Nos últimos anos, a embaixada do Brasil fechou uma parceria com um prestigiado think tank de Washington - o CSIS (Center for Strategic and International Studies) -, mas mesmo a embaixada brasileira reconheceu em reportagem da BBC Brasil em 2015 que a presença do país nesses centros ainda era tímida quando comparada à de outros emergentes.

Questionado se o Brasil estava subrepresentado nessas organizações, Sérgio Amaral listou alguns brasileiros que atuam em think tanks em Washington e perguntou, com ironia, se o repórter de fato morava na cidade.

"O Brasil tem pessoas muito influentes em Washington. (...) Acho, sim, que pode fazer mais, mas não é verdade que Brasil esteja sem voz em Washington."

Parques temáticos na Amazônia

Amaral diz que um dos seus objetivos nos EUA será retomar os diálogos com o Smithsonian (rede de museus e centros de pesquisa financiada pelo governo dos EUA) para a criação de "parques temáticos ambientais" na Amazônia.

Ele diz que as tratativas começaram na gestão do embaixador Rubens Ricupero em Washington, nos anos 90, quando a embaixada ajudou o Smithsonian a criar um pavilhão sobre a Amazônia no zoológico de Washington.

Após o contato, Amaral diz ter proposto ao Smithsonian a criação de parques temáticos na Amazônia que atraíssem turistas e gerassem oportunidades econômicas, mas o diálogo não avançou.

Um dos parques, segundo o embaixador, aproveitaria o acervo do museu Goeldi, em Belém. Em outro, animais seriam alimentados em áreas que pudessem ser visitadas por turistas. Outro parque, diz ele, teria um túnel em plexiglass no rio Negro "para que os turistas visitassem o fundo do rio".

Ambição 'bem maior'

O embaixador rebateu avaliações de que a política externa brasileira havia se tornado menos ambiciosa no governo Temer.

No discurso de posse no Itamaraty, Serra não listou entre suas prioridades a obtenção de uma vaga permanente para o Brasil no Conselho de Segurança da ONU, um objetivo antigo do país. O chanceler também pediu estudos que identificassem embaixadas brasileiras na África e no Caribe que pudessem ser fechadas.

Serra disse que a diplomacia voltaria a refletir os interesses do Estado brasileiro, e não as "conveniências e preferências ideológicas de um partido político", e que medidas que possam ter servido ao interesse nacional em outros momentos "podem não ser mais compatíveis com as novas realidades do país".

Alguns analistas e diplomatas - como o embaixador Celso Amorim, que chefiou o Itamaraty nos anos Lula - criticaram a nova postura e disseram que ela faria o Brasil perder importância no mundo.

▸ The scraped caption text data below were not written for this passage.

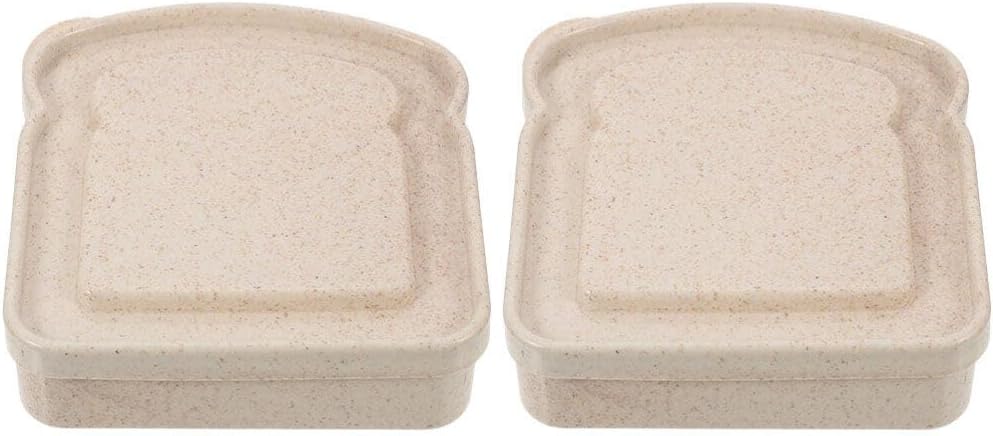 BESTonZON 2 recipientes para sándwich con forma de tostada, contenedor de almacenamiento de alimentos, caja de almuerzo, cajas de preparación de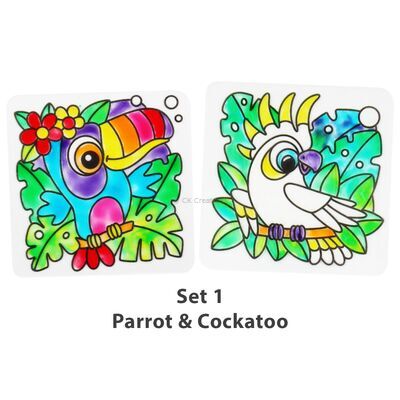 Suncatcher Cup Coaster Set - Parrot and Cuckatoo
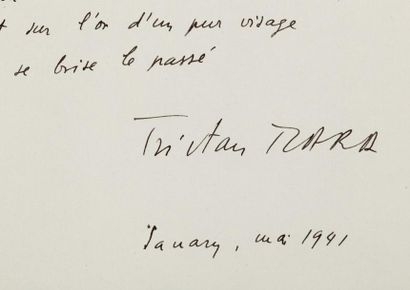null Tristan TZARA (1896-1963) Ecrivain dadaïste.

"Lointaine".

Poème autographe...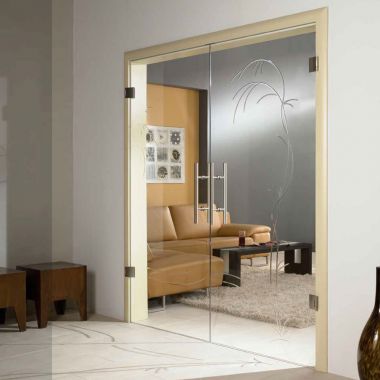 Noblessa Grooved Glass Door Design - Glass Interior Doors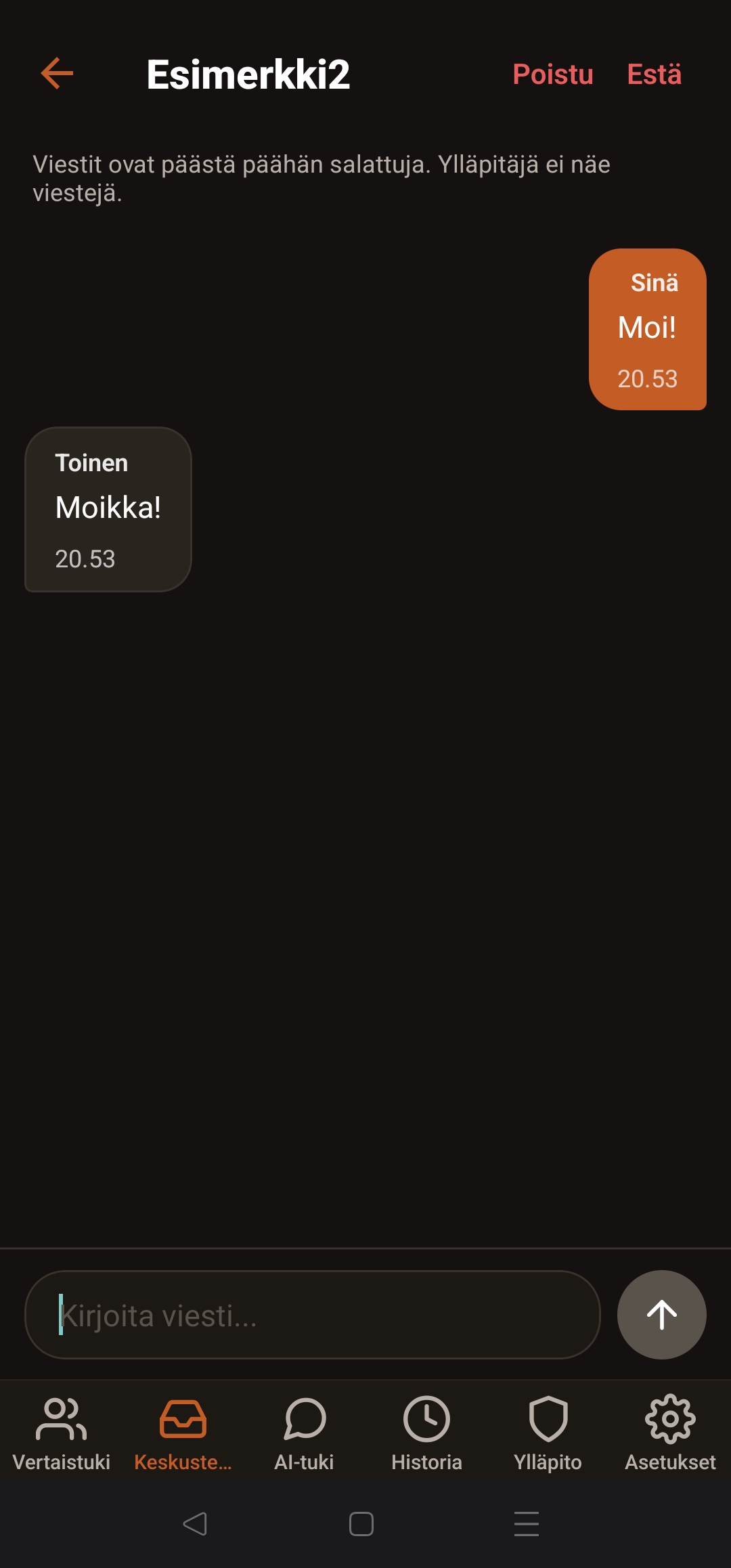 Päästä päähän salattu kahdenkeskinen chat Vertainen-sovelluksessa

Para o embaixador Sérgio Amaral, porém, o governo Temer sinaliza uma ambição "bem maior" do que a da gestão anterior ao buscar ampliar os laços com as principais potências globais.
Ele afirma ainda que o fato de Serra não ter citado o Conselho de Segurança não significa que o país não queira a vaga. Sobre a África, "a única menção é que talvez tenhamos embaixadas demais lá" e que é preciso "reavaliar as prioridades num momento em que faz redução de despesas".

Amaral voltou a se irritar com uma pergunta sobre a insatisfação de funcionários do Itamaraty com o atraso de pagamentos - problema que ele diz ter sido resolvido com a liberação de R$ 580 milhões nos últimos dias - e afirmou que não notou qualquer falta de motivação entre os diplomatas nas vezes em que visitou o ministério.